# taz.de -- Petition für Radiosender M94.5: Freiraum statt Formate
       
       > Dem Münchener Ausbildungsradio M94.5 soll die UKW-Frequenz entzogen
       > werden. Die Macher befürchten die Marginalisierung.
       
 (IMG) Bild: Radio in Deutschland? Noch immer meist analog statt digital
       
       Alles, was er journalistisch kann, hat Fabian von Stülpnagel bei [1][M94,5]

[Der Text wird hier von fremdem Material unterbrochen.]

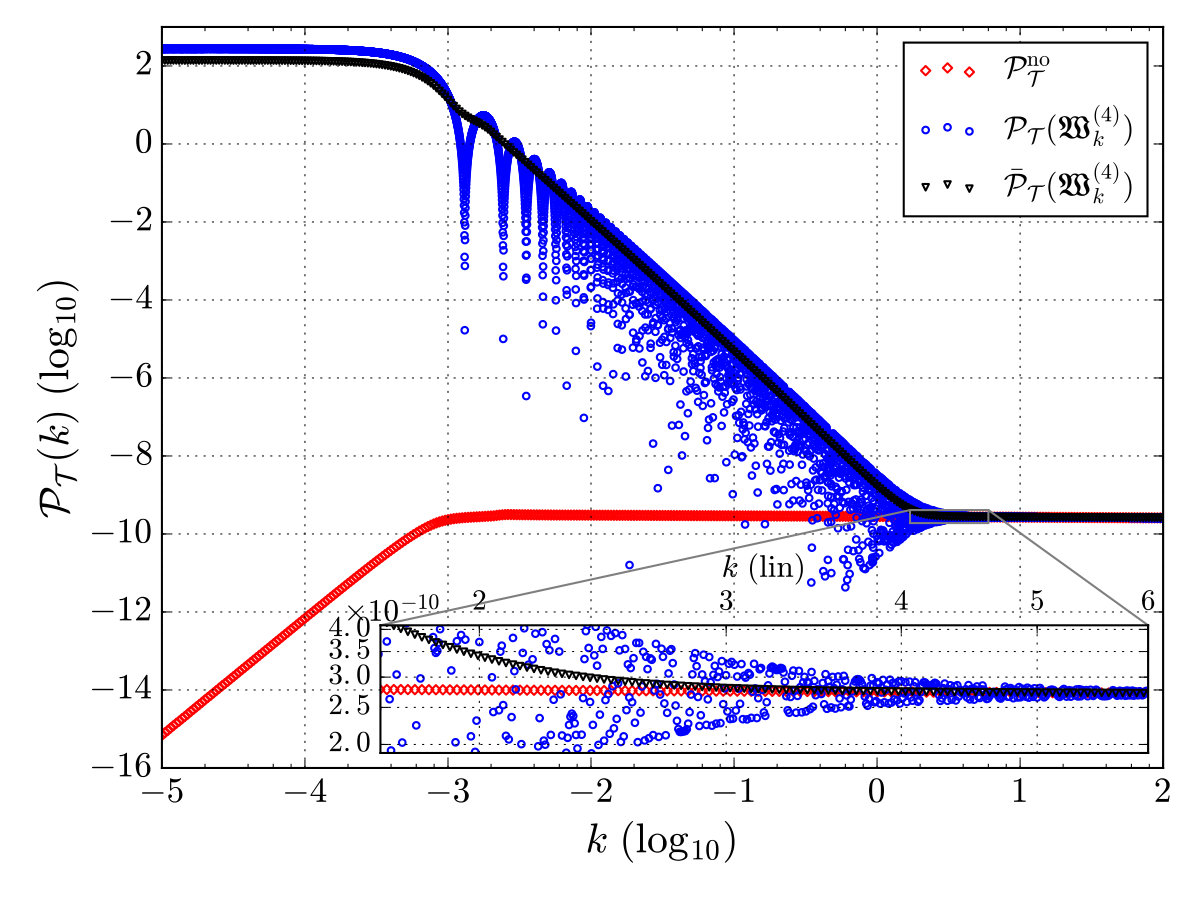 Figure 20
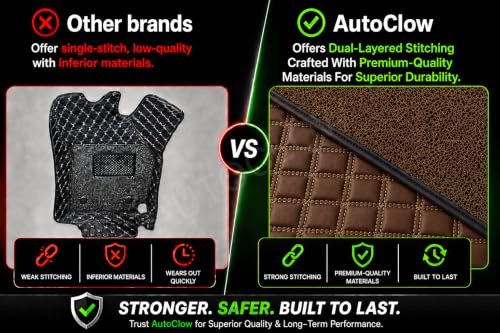 Image of Premium 7D Car Mat for Hyundai Verna (Model:2017-2022) || Luxury Leather Dual-Stitch Full Set 7D Car Floor Mat || 100% Waterproof || Color : Coffee Stitch-Coffee Grass (Design-1)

       gelernt. „Wir hatten immer Freiraum, konnten uns kreativ ausleben außerhalb
       der Zwänge des Formatradios“, sagt er. Das Münchner Ausbildungsradio ist
       eine Institution. Keine Werbung, keine Gewinnspiele, keine angestrengt gut
       gelaunten Morning-Show-Moderatoren und vor allem nie „das Beste der 80er,
       90er und von heute“. Stattdessen Indie Pop, Alternative Rock, Electro und
       Songs von Nachwuchsbands. Eine Mischung aus Campusfunk, Szenenews und
       Lokalradio. Seit 20 Jahren schon.
       
       Über 2.500 junge Menschen haben bislang in der Redaktion gelernt, wie man
       Radio macht – und wie Journalismus. Die Redaktion besteht zu 90 Prozent aus
       Studenten der Münchner Unis, sie arbeitet in Tagesteams – das Studium will
       ja auch noch bewältigt werden. Manche bleiben zwei Jahre in der Redaktion,
       andere sechs Jahre. Viele sind heute erfolgreiche Journalisten.
       
       Und viele waren im Dezember letzten Jahres geschockt. Ihre journalistische
       Heimat steht zur Disposition: Die Bayerische Landesanstalt für neue Medien
       (BLM) erwägt, M94.5 die UKW-Frequenz zu entziehen und diese – wohl
       gewinnbringend – etwa an den Privatsender „Rock Antenne“ zu verkaufen. Am
       9. Februar soll endgültig entschieden werden. Sollte die Frequenz
       verlorengehen, wäre M94,5 nur noch digital oder übers Internet zu
       empfangen.
       
       Gegen die Pläne regt sich Widerstand. Eine [2][Protestseite] wurde
       aufgesetzt, bei Twitter wurde unter Hashtag [3][#saveM945] für den Sender
       geworben und eine [4][Petition] gestartet, die bereits über 8.000
       Unterschriften hat. Initiator ist Fabian von Stülpnagel – „Trotzreaktion“,
       wie er sagt. Heute ist der 26-Jährige zwar im Marketing tätig, doch auch in
       seinem jetzigen Job könne er vieles von dem, was er beim Radio gelernt hat,
       anwenden.
       
       Auch dem ZDF-Sportmoderator [5][Jochen Breyer], der etwa das „Aktuelle
       Sportstudio“ moderiert, wurde das Handwerk beim Münchener Ausbildungsradio
       beigebracht. „M94.5 war definitiv meine ,Eintrittskarte' in den
       Journalismus. Sehr viel habe ich da gelernt, vielleicht sogar alles“, sagt
       er. „Gerade in der heutigen Zeit, in der Medien Vertrauen verlieren“, sagt
       Breyer, „braucht es Ausbildungskanäle wie M94.5“.
       
       Die [6][BLM selbst beteuert], man wolle den Sender nicht schwächen. Sollte
       die UKW-Frequenz anderweitig zugeteilt werden, würde sich „an der
       potenziellen technischen Reichweite nichts ändern“.
       
       Für Wolfgang Sabisch, den Programmleiter des Senders, ist das nicht
       nachvollziehbar. „Mit der Verbannung ins Digitale wäre die Marginalisierung
       verbunden“, sagt er. Die Verbreitung von Endgeräten fürs digitale Radio sei
       noch nicht fortgeschritten. Tatsächlich ist Deutschlands Radiowelt analog.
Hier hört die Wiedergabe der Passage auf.